Li et al., J. Controlled Release 37:188-214 (1995) describes a model of a solvent removal process in which an emulsion of the dispersed phase is formed in a continuous phase devoid of dispersed phase solvent, extracting a portion of the dispersed phase solvent into the original volume for a brief period of time, and then further extracting the dispersed phase solvent by diluting the emulsion by continuous addition of continuous phase solvent. Evaporation of the dispersed phase solvent from the continuous phase/air interface is allowed to occur simultaneously with the extraction process, to maintain a driving force for extraction of the dispersed phase solvent into the continuous phase from the dispersed phase droplets. Uncontrolled evaporation of solvent from the open extraction vessel into the atmosphere is not practical or safe for production of greater than laboratory scale quantities, especially in a continuous process. In a closed vessel, the evaporation would rapidly cease as the solvent in solution equilibrated with the solvent vapor in the head space above the liquid surface. The Li et al. model also demonstrates that large extraction volumes are needed to operate the extraction process in relatively short time periods, as described in U.S. Pat.

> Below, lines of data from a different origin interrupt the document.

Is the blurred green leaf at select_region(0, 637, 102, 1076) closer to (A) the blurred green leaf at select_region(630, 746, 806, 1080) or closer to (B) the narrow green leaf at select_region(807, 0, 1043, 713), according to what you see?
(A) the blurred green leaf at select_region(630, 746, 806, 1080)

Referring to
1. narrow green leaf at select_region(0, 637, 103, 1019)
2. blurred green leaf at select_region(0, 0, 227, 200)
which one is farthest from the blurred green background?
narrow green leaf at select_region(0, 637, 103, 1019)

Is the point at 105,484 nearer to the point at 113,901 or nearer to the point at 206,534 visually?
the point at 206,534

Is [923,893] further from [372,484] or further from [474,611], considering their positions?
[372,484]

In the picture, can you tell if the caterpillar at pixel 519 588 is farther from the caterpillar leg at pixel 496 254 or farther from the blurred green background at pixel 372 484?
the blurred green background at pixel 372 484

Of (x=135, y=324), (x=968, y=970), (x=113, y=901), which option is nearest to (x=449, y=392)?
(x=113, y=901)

No. 4,389,330 to Tice et al., although the model predicts that skin formation and the glassy boundary can be achieved using total extraction solvent volumes that are less than the amount needed to dissolve all of the dispersed phase solvent.
It is therefore an object of this invention to provide methods for making microparticles efficiently encapsulating active agent.
It is another object of this invention to provide methods for making microparticles using a process that uses evaporation, controlled extraction, or a combination thereof to minimize the amount of extraction medium required in the process.
It is a further object of this invention to provide alternative methods of emulsion formation and solvent removal for use in processes of making microparticles.
It is another object of this invention to provide emulsion-based methods for making microparticles in an efficient batch or continuous process.